To eliminate the above-mentioned disturbance of the displayed pattern at the change of condition from the logical operation time t0 to the display time tD, each of the adders 20 and 22 are constructed as shown in FIG. 4A by way of example. In the following, the adder 22 is mainly described. However, the adder 20 is similar, in principle, to the adder 22.

The adder 22 comprises an ADDER-1 and and ADDER-2. The ADDER-1 comprises a diode D1, resistors R1 and R2 connected together to a common junction J1 to combine the signal DISPLAY (w6) supplied from a terminal T8 (connected to the inverter 21), the horizontal step wave w4 applied from a terminal T9 (connected to the horizontal step generator 18) as shown in FIG. 5A, and the horizontal slope wave w2 applied from a terminal T10 (connected to the buffer amplifier 17). The output of the buffer amplifier 16 is applied to the common junction J1 through a resistor. However, this connection means is not shown in FIG. 4A for simple illustration.
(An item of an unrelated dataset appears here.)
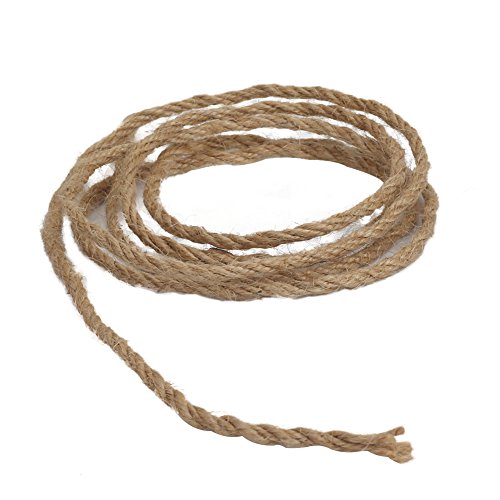 Tenn Well 66ft 4mm Natural Jute Twine - Thick Garden String, 20m Coil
The signal DISPLAY (w6) assumes zero volt (0 V) at the display time tD and a predetermined plus voltage (+ VV) at the logical operation time to as shown in FIG. 4B. The combined output of the ADDER-1 is further combined with the signal DISPLAY (w5) supplied from a terminal T7 (connected to the input of the inverter 21) at the ADDER-2 which comprises a resister R4 and a series-connection of a diode D2 and a resistor R3. The resistor R4 and the series-connection are connected together to a common junction J2. The signal DISPLAY (w5) assumes zero volt (0 V) at the display time tD and a predetermined minus voltage (- VV) at the logical operation time to respectively.

As the result of the above construction of the ADDER-1 and the ADDER-2, a wave on which the horizontal step wave w4 (shown in FIG. 5A) and the horizontal slope wave w2 (shown in FIG. 3C) are combined to each other as shown in FIG. 5C is obtained at the output of the ADDER-1 at the display time tD since the signal DISPLAY (w6) assumes the zero volt at this display time tD. On the other hand, since the signal DISPLAY (w5) assumes also the zero volt at this display time tD, the wave shown in FIG. 5C is also obtained at the output of the ADDER-2 at this display time tD.

If the condition of the system is changed from the display time tD to the logical operation time to under control of the control circuit 1 started in response to the keying of any key on the keyboard 5, the signal DISPLAY (w6) assumes the voltage +VV as shown in FIGS. 5B and 5D since the diode D1 becomes conductive. Accordingly, the output of the ADDER-1 assumes the voltage +VV as shown in FIG. 5D. On the other hand, the output of the ADDER-2 assumes a constant voltage determined by the resistances of the resistors R3 and R4 as shown in FIG. 5E since voltage +VV and - VV are applied to respective terminals of the resistors R4 and R3 through the diodes D1 and D2 respectively. Accordingly, if the respective resistances of the resistors R3 and R4 are so determined that the output of the ADDER-2 at this logical operation time to is equal to the average direct-current value of voltage (i.e., -ΔV) of the output of the ADDER-2 at the display time tD as shown in FIG. 5F, disturbance of the displayed pattern caused at the changing time from the logical operation time to to the display time tD can be eliminated.